- TASK GOAL:
The records that follow are to be transcribed in full, leaving out each picture.

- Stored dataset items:
-.-.-
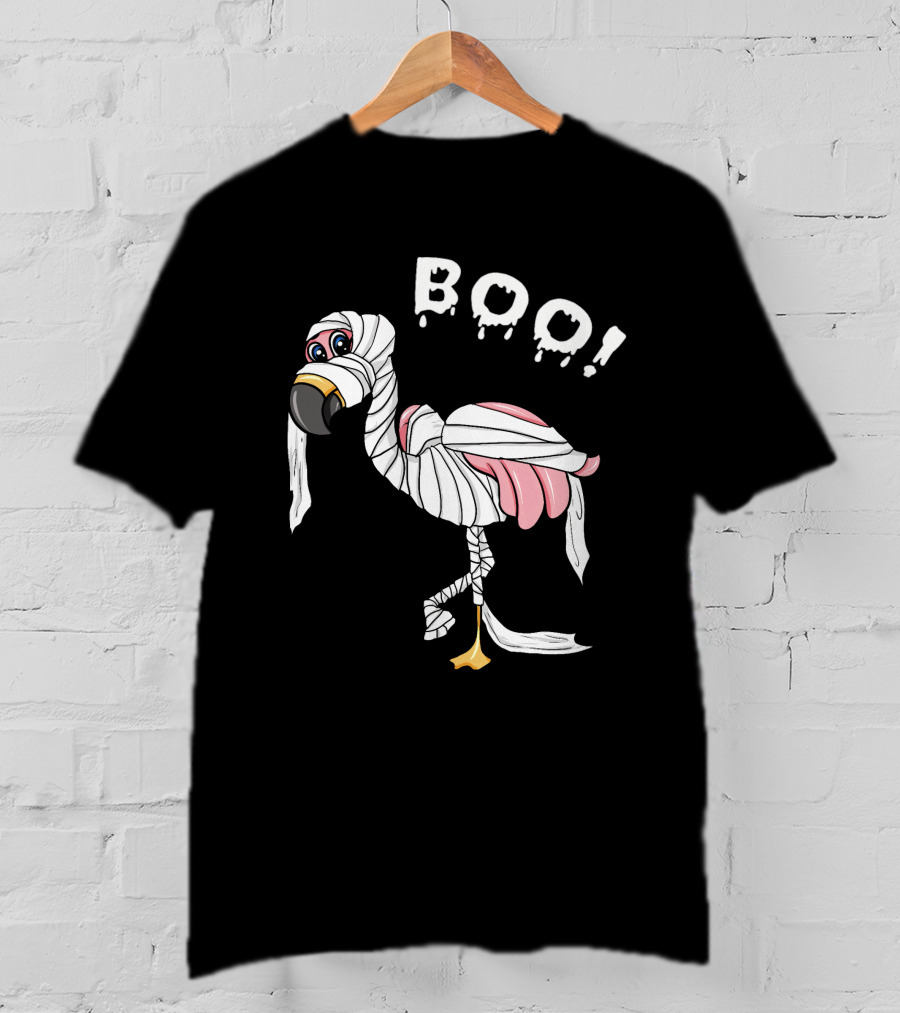 Boo Flamingo Mummy Halloween Wrap T-Shirt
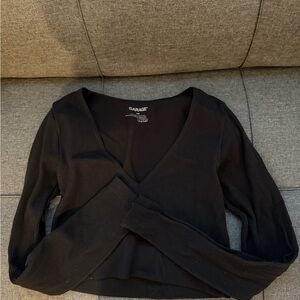 Garage Black Ribbed Crop Top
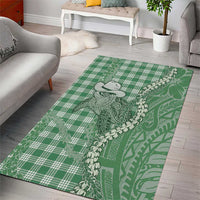 Green Hawaii Palaka Cowboy Turtle Area Rug Hawaiian Paniolo Puakenikeni Maile Lei DT05 - Polynesian Pride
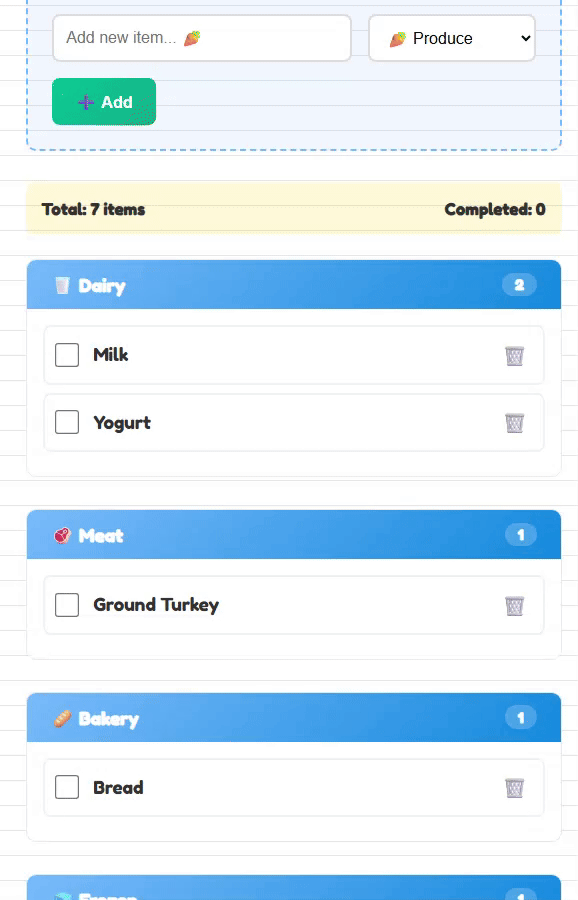 Grocery List Generator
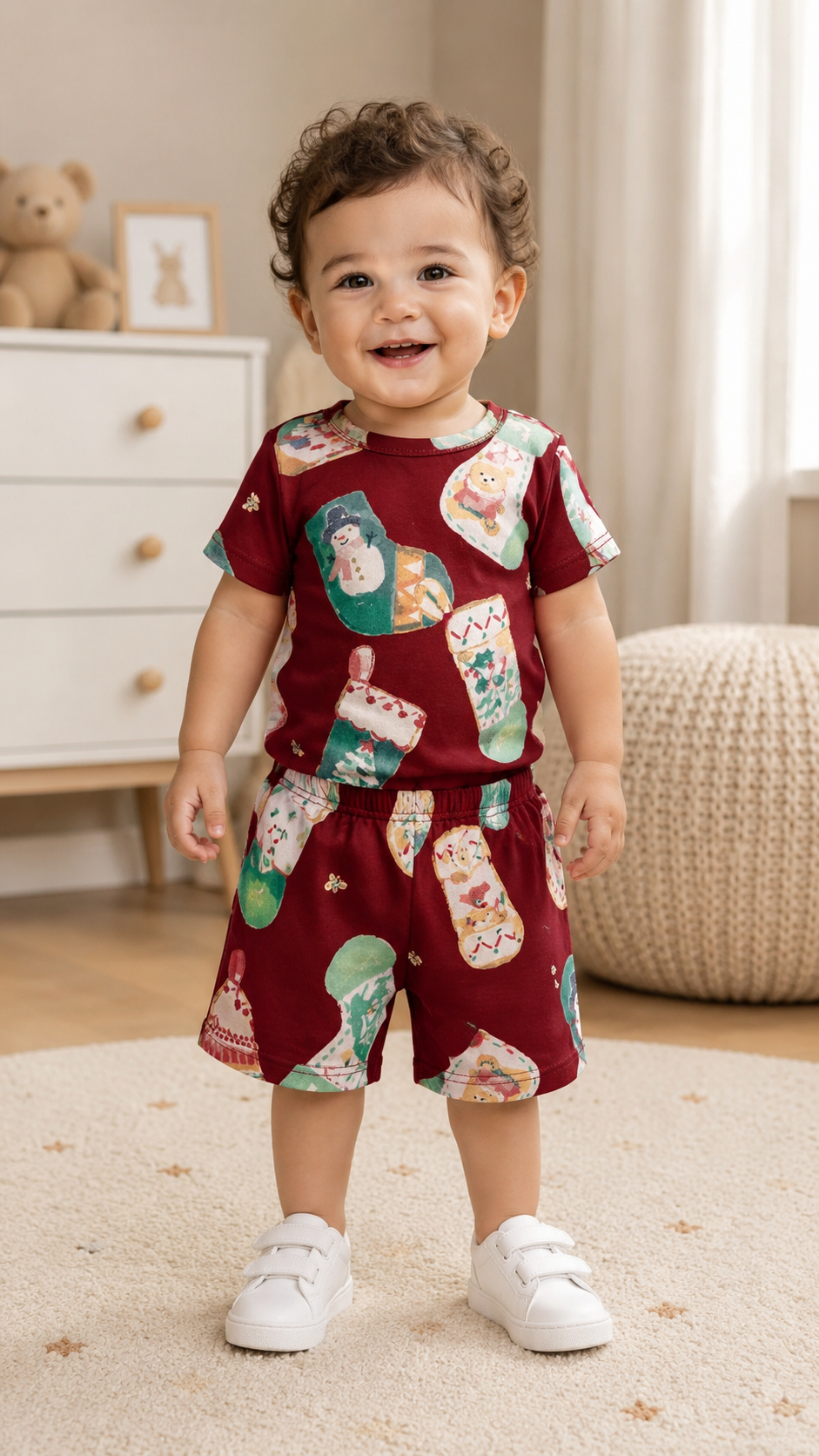 Maroon Unisex Kids Co-ord Set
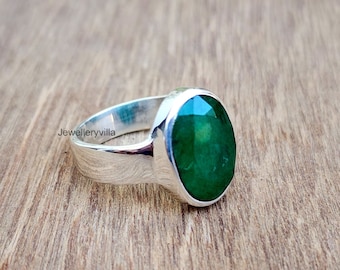 Genuine Oval Emerald Ring, 925 Solid Sterling Silver Ring, Engraved Ring, Yellow Gold Ring, Green Natural Emerald Statement Ring, Gift Ring
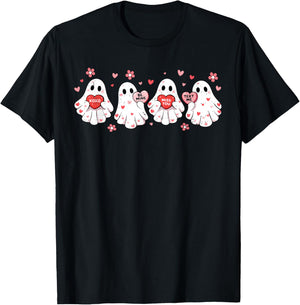 Cute Ghost Love Hearts Valentines Day Teens Girls T-Shirt - T-Shirt | Black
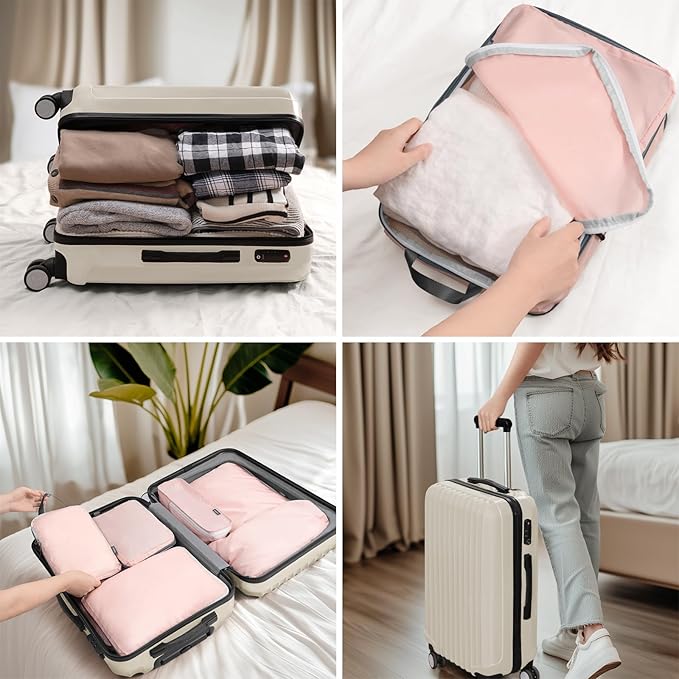 CherryNow Compression Packing Cubes, 7 Set Packing Cubes for Travel Women, Travel Essentials for Suitcase, Luggage Organizer 
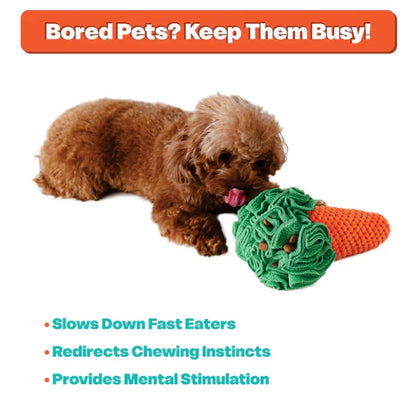 LuftPets Snuffle Carrotz—The Ultimate Carrot Puzzle Sniff Toy for Dogs and Cats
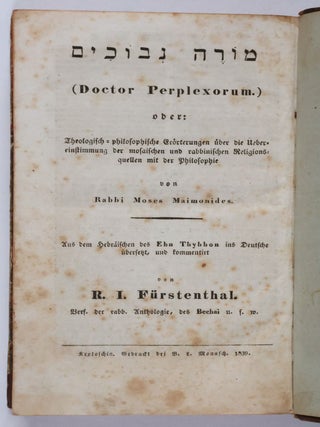 Item #48414 More Nevukhim (Doctor Perplexorum.) oder: Theologisch-philosophische Erörterung...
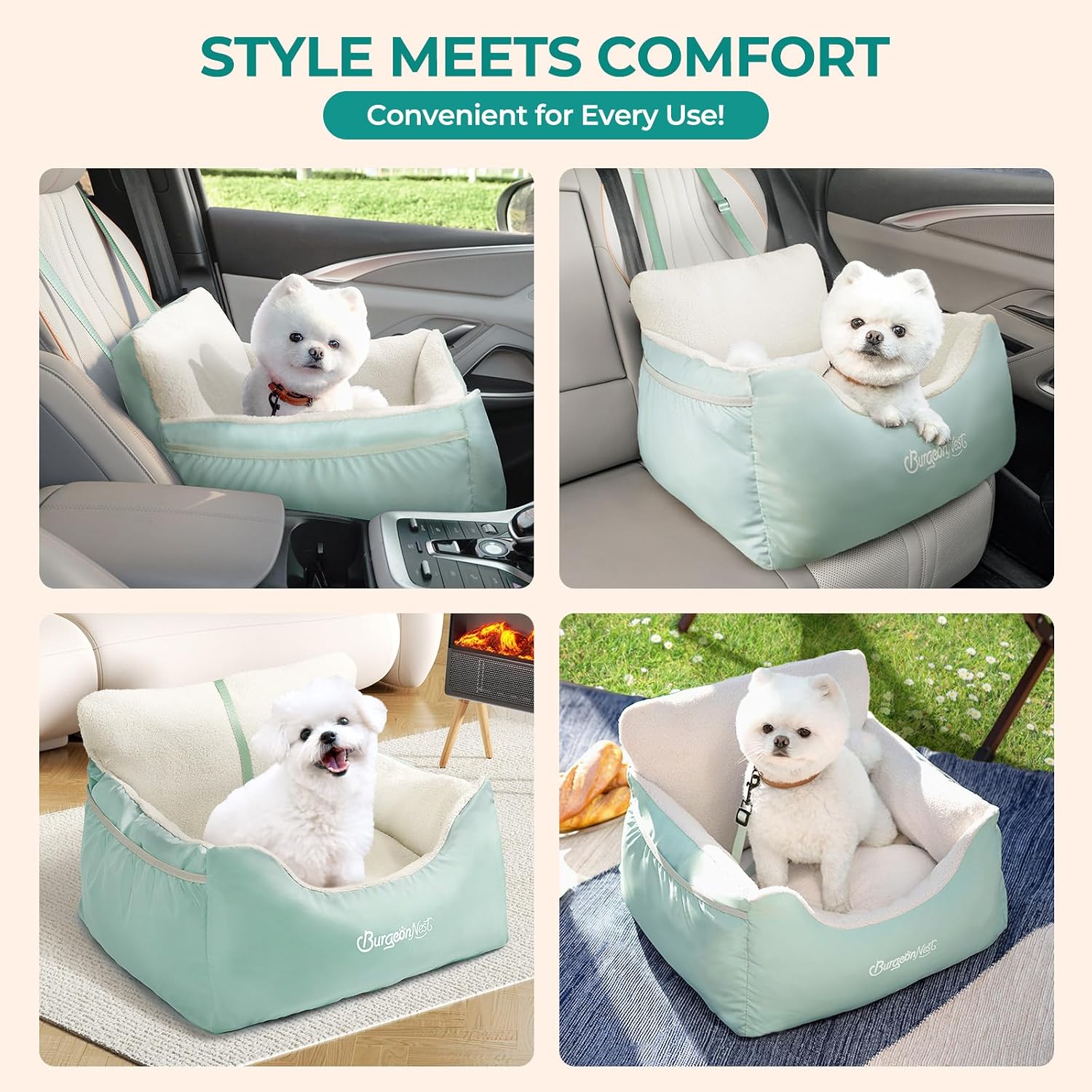 BurgeonNest Dog Car Seat for Small Dogs & Cats Under 25 lbs,Black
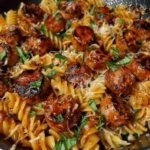 Sticky Honey Garlic Sausage Pasta Skillet: A Flavorful One-Pan Wonder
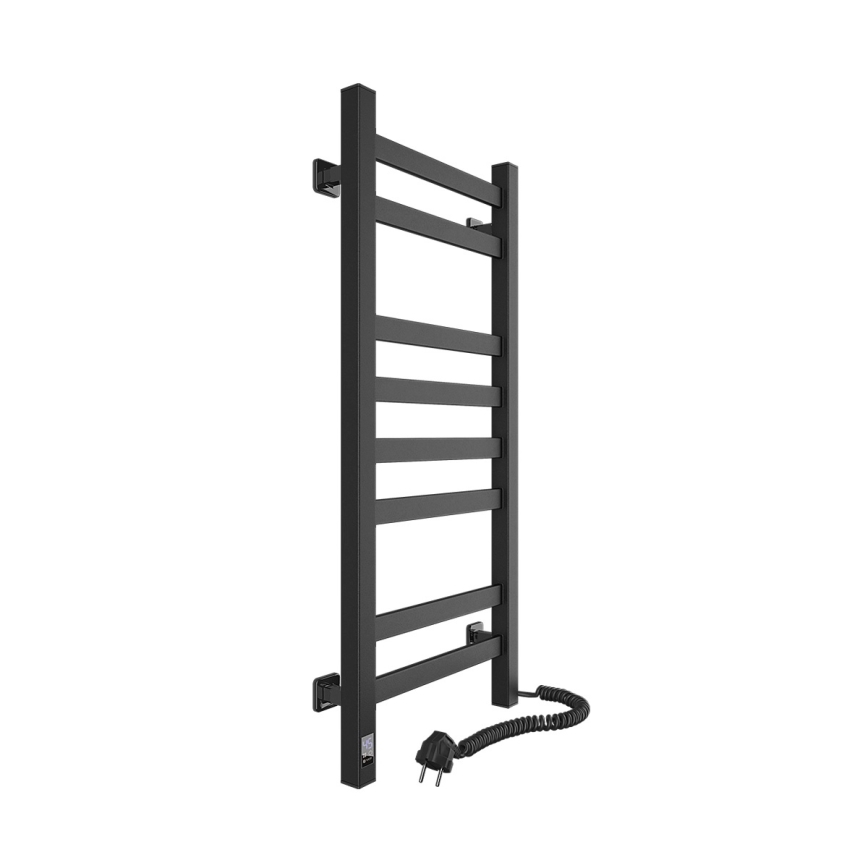 Рушникосушарка для ванної AVANGARD з термостатом, 251W/230V, 80,6cm, IP44, чорна, з правим підключенням, з квадратним профілем
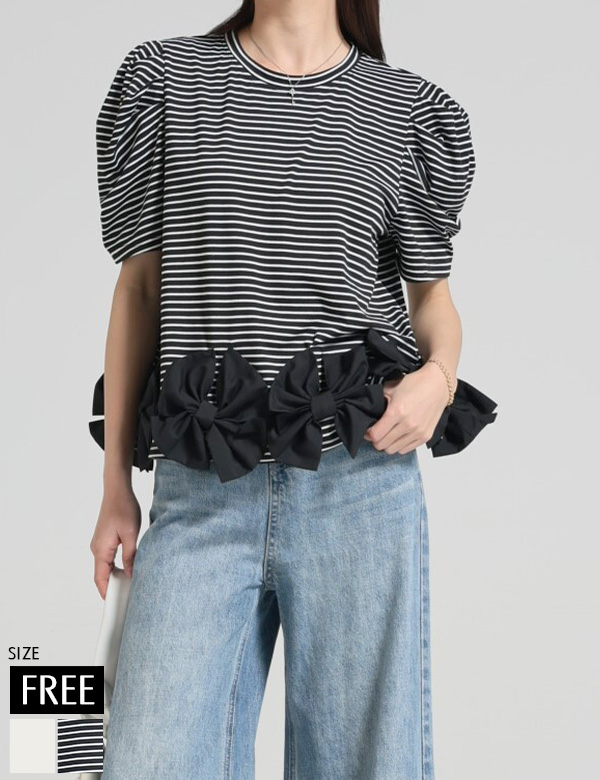 ボーダーパフスリーブリボンTシャツ(J31-0490)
-.-.-
- TASK SOLUTION:
 Boo Flamingo Mummy Halloween Wrap T-Shirt
 Garage Black Ribbed Crop Top
 Green Hawaii Palaka Cowboy Turtle Area Rug Hawaiian Paniolo Puakenikeni Maile Lei DT05 - Polynesian Pride
 Grocery List Generator
 Maroon Unisex Kids Co-ord Set
 Genuine Oval Emerald Ring, 925 Solid Sterling Silver Ring, Engraved Ring, Yellow Gold Ring, Green Natural Emerald Statement Ring, Gift Ring
 Cute Ghost Love Hearts Valentines Day Teens Girls T-Shirt - T-Shirt | Black
 CherryNow Compression Packing Cubes, 7 Set Packing Cubes for Travel Women, Travel Essentials for Suitcase, Luggage Organizer 
 LuftPets Snuffle Carrotz—The Ultimate Carrot Puzzle Sniff Toy for Dogs and Cats
 Item #48414 More Nevukhim (Doctor Perplexorum.) oder: Theologisch-philosophische Erörterung...
 BurgeonNest Dog Car Seat for Small Dogs & Cats Under 25 lbs,Black
 Sticky Honey Garlic Sausage Pasta Skillet: A Flavorful One-Pan Wonder
 Рушникосушарка для ванної AVANGARD з термостатом, 251W/230V, 80,6cm, IP44, чорна, з правим підключенням, з квадратним профілем
 ボーダーパフスリーブリボンTシャツ(J31-0490)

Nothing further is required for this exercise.